Okay. Let’s deal with the elephant in the room first of all. There’s a bender in it. Not in the room, in the film I mean. More than one of them. There are benders everywhere in this film, in fact. Now if you are from Blighty and of a certain age and puerile disposition it is impossible to watch this film without sniggering (in a very un-PC and un-reinvented male way) every time benders are mentioned. “I could tell at once you were a bender,” a sage old woman says to a young ‘un as she assures him that he will realise said destiny. A character is dragged off by the nasty soldiers of the proverbial Dark Lord, but that's ok, they explain to the grumbling populace: “It’s a bender.” In my defence I heard women in the audience sniggering too. Some things don’t travel well across the water, and you would think someone might have explained to M Night Shyamalan what the word can mean over here. Granted, the UK isn’t the only place in the world distributing this 150,000,000-plus dollar film, but it is an important part of the European market. The original highly-regarded animated 2005 Nickelodeon TV series from which The Last Airbender derives had a bender in it too of course, and an avatar (the series was known as Avatar: The Legend of Aang as well as Avatar: The Last Airbender) - 'avatar' was dropped from the title of Shyamalan's film, no doubt because he didn't want it to be associated with another, better known piece of mawkish, overblown 3D CGI smoke and mirrors - which is all rather unfortunate, but still, what’s in a name, eh? It is what is inside which counts.

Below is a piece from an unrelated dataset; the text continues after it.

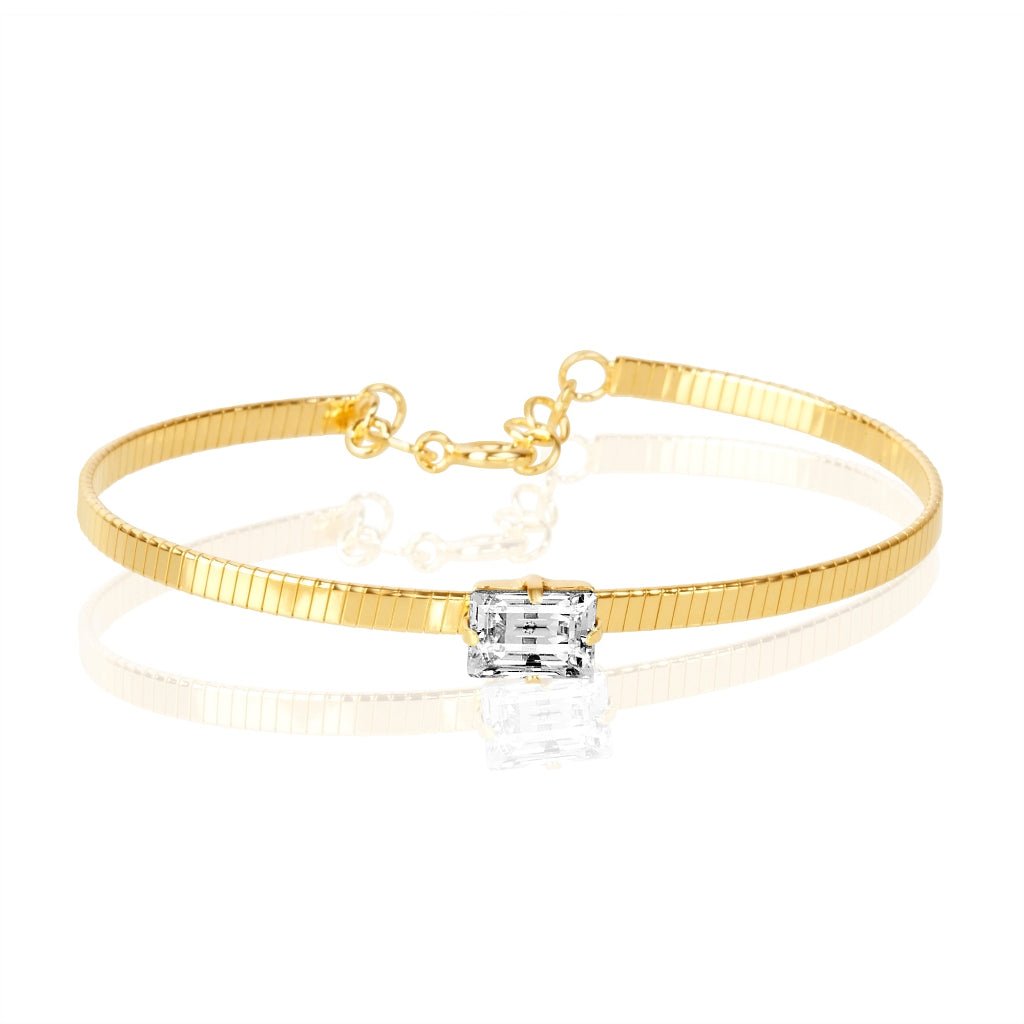 Blisse Allure Luxury Gold Bracelet with Emerald - Cut Diamond - Taraash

Ah. Yes, what is inside? It must be remembered that this is a film aimed at a young teen market, but that said, the plot has been reduced to fantasy cliché that would make derivative drivel like Eragon (book and film) or indeed Avatar seem like a masterpiece of narrative complexity and imagination in comparison. Aang (Noah Ringer), the young successor in an ancient line of ‘Airbenders’, is reluctant to relinquish his childhood and embrace his destiny as the Avatar, the only person capable of protecting the Water and Earth nations from the Fire Nations, ruled by (Dark) Lord Ozai, who is intent on world domination and who has been hunting down the Airbenders because they're the only folk capable of a slam-dunk when it comes to harnessing all the elements. Meanwhile, Ozai’s son, Prince Zuko (Dev Patel) has been exiled in disgrace from the Fire Nation and nothing but Aang's shaven head will do to restore approval from daddy. The scene is set then upon which nothing less than the fate of the world hangs - and a succession of tired fantasy tropes. At the climax of it all, and after an hour and a half of um-ing and ah-ing, a character decides to harness their true power just when it really matters. Who would have guessed?
You know a film is in trouble when, as an afterthought, it tacks on some 3D effects then promptly gives up on them. One critic at the press screening I attended arrived late and sat through the entire film without her 3D glasses. I was tempted to tap her on the shoulder to point this out but I soon realised that it didn’t matter, because to all intents and purposes the 3D disappeared after the opening credits.
The Last Airbender is the first in a projected series of films, and ends on a molehill-hanger: will-he-won't-he let his true inclinations hang out and openly embrace become a bender (there go those puerile sniggers again)? There is much talk of M. Night Shyamalan’s career trajectory doing the impossible and exceeding terminal velocity in its downward plummet after Lady in the Water (which not even the ever-excellent Paul Giametti could rescue) and The Happening. But this is the same director who made The Sixth Sense and (in my opinion) the even better Unbreakable after that. Shyamalan talked with admirable geekishness at a press conference for The Last Airbender about his love of cinema, comics, action icons, the fantastic and the mysterious, and his passion is clearly undiminished. But he is at his best when he focuses on the internal psychology of people dealing with localised events; the rot set in with Lady in the Water, in which he played himself as a writer with the power to save the world. In Hollywood more (as Avatar proved) is almost always less and no amount of dollars and cutting-edge CGI can disguise hot air once the hyperventilating marketing campaign has blown itself out.
At the same conference, Shyamalan talked about his next venture, from his own independent production company - a series of horror films with storylines by him, but scripted and directed by others. The first, Devil, a supernatural thriller directed by The Brothers Dowdle, is already on the way. This holds out hope of a career resurrection, and so The Last Airbender might yet prove one of the smartest moves in recent Hollywood history: returning to the dead to come back from it. Desperate measures for desperate times. That goes for the audience as well, because the appeal of The Last Airbender extends only to parents and children making a family outing to the multiplex to see Toy Story 3, only to find when they get there that it is sold out.